Image-caption web data:

--- START ---

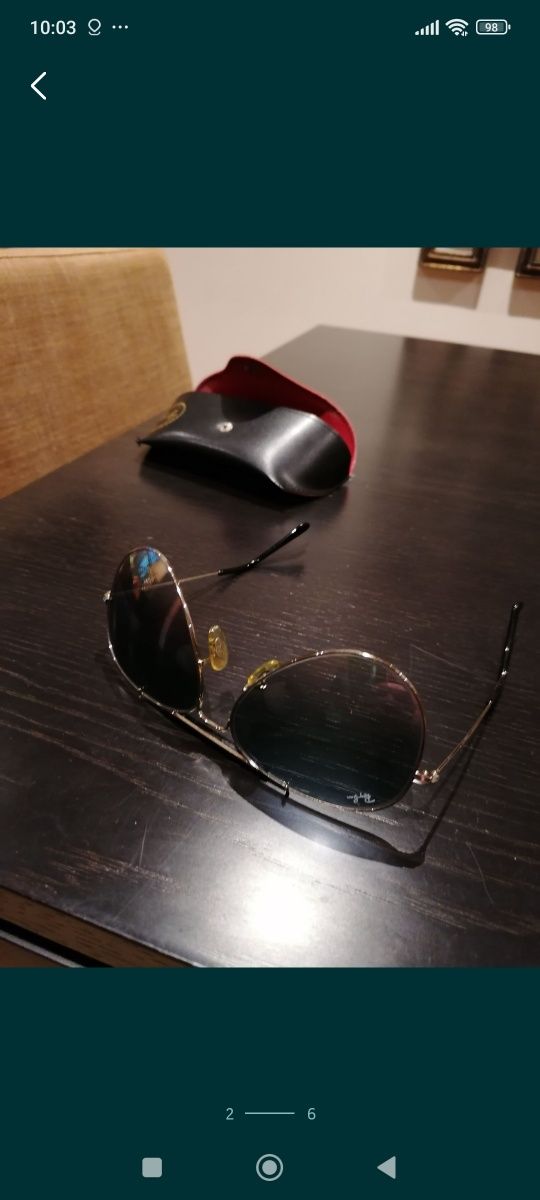 Ray ban aviator impecáveis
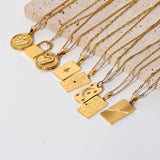 Statement Square Tarot Signet Pendant Necklace – Jewelry Gift Ideas — 13
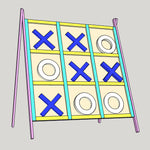 tic tac toe file cutout instructions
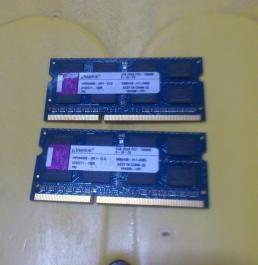 Kingston Sodimm 4GB (2x2gb) DDR3-1333 PC3-10600 photo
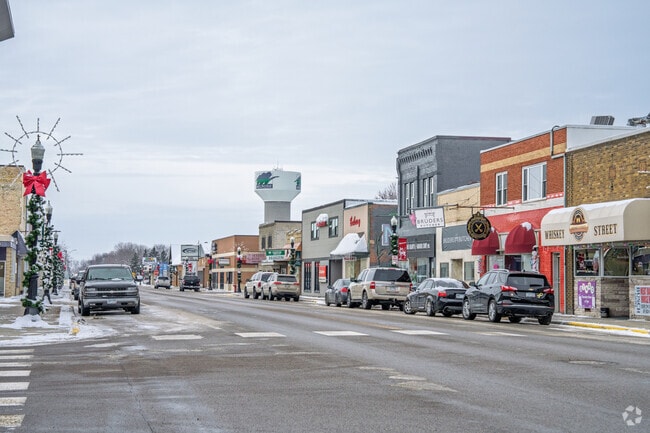 Downtown Melrose features a Main Street lined with local businesses and services.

--- END ---

Work to complete:
When you reach the line that contains "Statement Square Tarot", start reproducing, and continue word for word to the end of the records; skip all pictures.

Exercise result:
 Statement Square Tarot Signet Pendant Necklace – Jewelry Gift Ideas — 13
 tic tac toe file cutout instructions
 Kingston Sodimm 4GB (2x2gb) DDR3-1333 PC3-10600 photo
 Downtown Melrose features a Main Street lined with local businesses and services.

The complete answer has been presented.